Sampson criticizes OSS usability by wondering whether OSS developers ever consult a usability expert or explore any of the standards [30]. He refers to the same old dilemma of OSS developers who consider themselves as end users of their product, “too often the team presumes that all the skills required are already present among team members.” Twidale and Nichols [31] while exploring the usability related issues in open source development conclude that “Scarcity of expertise, Bug reporting and classification, and Heterogeneity in usability discussions” are the areas that need to be focused on by the OSS developers. The more that the users’ expectations and requirements are addressed in open source software, the more acceptances it will receive. Bodker et al. [32] believe that there is a gap between the OSS “developer-users” and their potential users.
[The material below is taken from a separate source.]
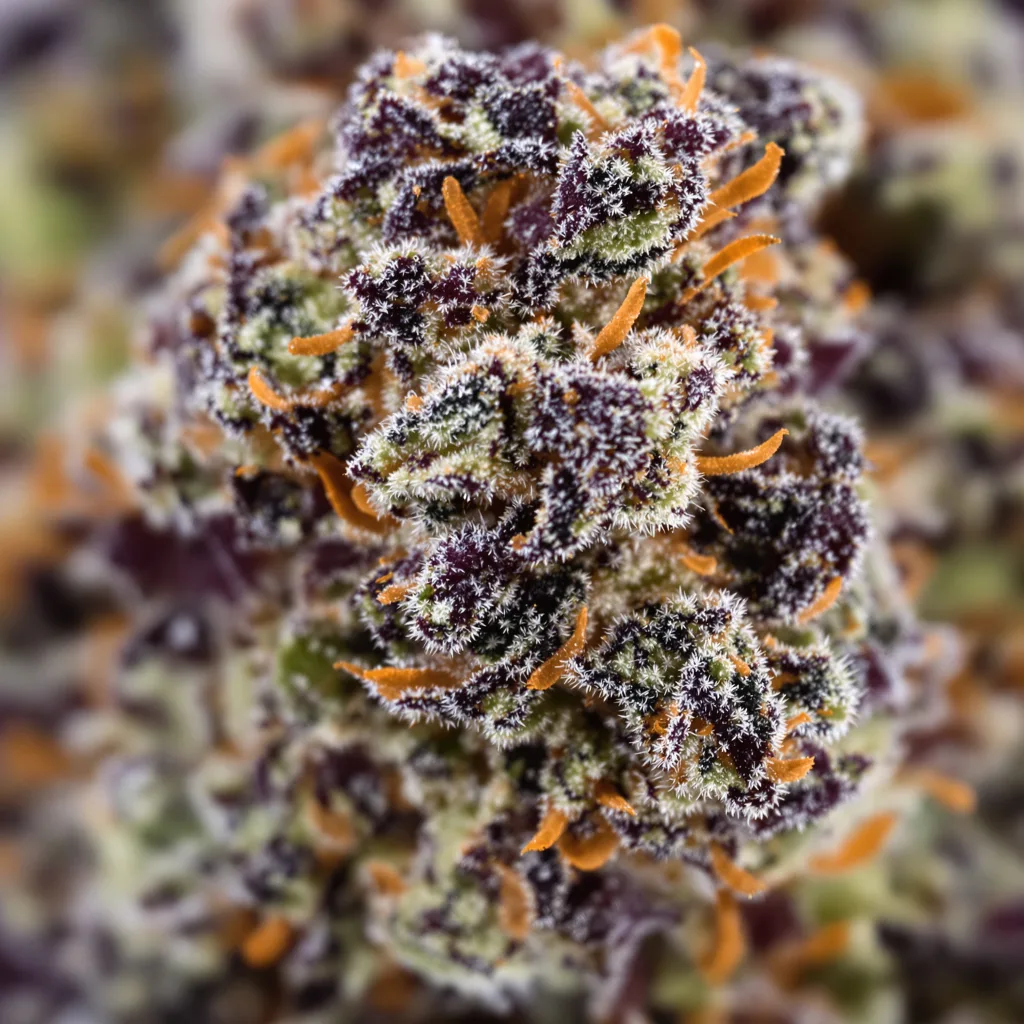 Mango Crack cannabis bud close-up showing dense purple-tinged calyxes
They posit that enabling the employees of organizations and institutions to come up with the right requirements of OSS systems can be a way “to avoid developer-centric systems that perform poorly in terms of real-world usability.” Nichols and Twidale [6] also highlight few related problems in this scenario such as the traditional approach by OSS developers to develop software for an “elite” class of technically adept users. However, they observe that with the increasing involvement of non-technical users in the OSS community, software developers are starting to realize the importance of usability and hence the need to insure that new users find their products usable and adaptable. It is time for OSS architects, designers and developers to realize that they are not the ultimate users of their applications.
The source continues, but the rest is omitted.